What all these numbnuts fail to realize is that we will NEVER see anything like $3000 returned to us. Only in a commie infested socialist paradise as that created by Obama and his mymidons can such a falsehood be accept as fact. It is simply not possible to tax the bat-snot out of companies and not have them pass on those costs to consumers. And for anyone thinking the government will return that tax money to us? I have the deed to the Brooklyn Bridge to sell you.

Last but not least is this story from the WSJ spelling out in more detail the fiction that is “cap and trade.” Pay attention to what they saying is happening in the UK already.
The whole point of cap and trade is to hike the price of electricity and gas so that Americans will use less. These higher prices will show up not just in electricity bills or at the gas station but in every manufactured good, from food to cars. Consumers will cut back on spending, which in turn will cut back on production, which results in fewer jobs created or higher unemployment. Some companies will instead move their operations overseas, with the same result.

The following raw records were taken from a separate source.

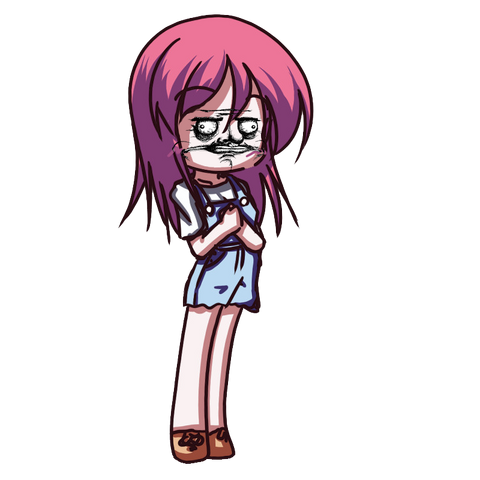 Archivo:Naegino-sora-kaleido-star-ME-GUSTA.png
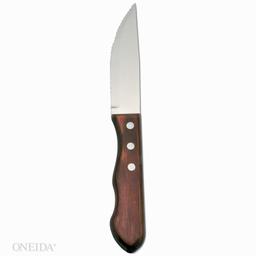 Product thumb gallery 1361832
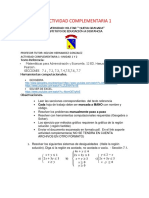 Actividad 1-2016 PDF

When the Heritage Foundation did its analysis of Waxman-Markey, it broadly compared the economy with and without the carbon tax. Under this more comprehensive scenario, it found Waxman-Markey would cost the economy $161 billion in 2020, which is $1,870 for a family of four. As the bill’s restrictions kick in, that number rises to $6,800 for a family of four by 2035.
Note also that the CBO analysis is an average for the country as a whole. It doesn’t take into account the fact that certain regions and populations will be more severely hit than others — manufacturing states more than service states; coal producing states more than states that rely on hydro or natural gas. Low-income Americans, who devote more of their disposable income to energy, have more to lose than high-income families.
Even as Democrats have promised that this cap-and-trade legislation won’t pinch wallets, behind the scenes they’ve acknowledged the energy price tsunami that is coming. During the brief few days in which the bill was debated in the House Energy Committee, Republicans offered three amendments: one to suspend the program if gas hit $5 a gallon; one to suspend the program if electricity prices rose 10% over 2009; and one to suspend the program if unemployment rates hit 15%. Democrats defeated all of them.
The reality is that cost estimates for climate legislation are as unreliable as the models predicting climate change. What comes out of the computer is a function of what politicians type in. A better indicator might be what other countries are already experiencing. Britain’s Taxpayer Alliance estimates the average family there is paying nearly $1,300 a year in green taxes for carbon-cutting programs in effect only a few years.
Americans should know that those Members who vote for this climate bill are voting for what is likely to be the biggest tax in American history. Even Democrats can’t repeal that reality.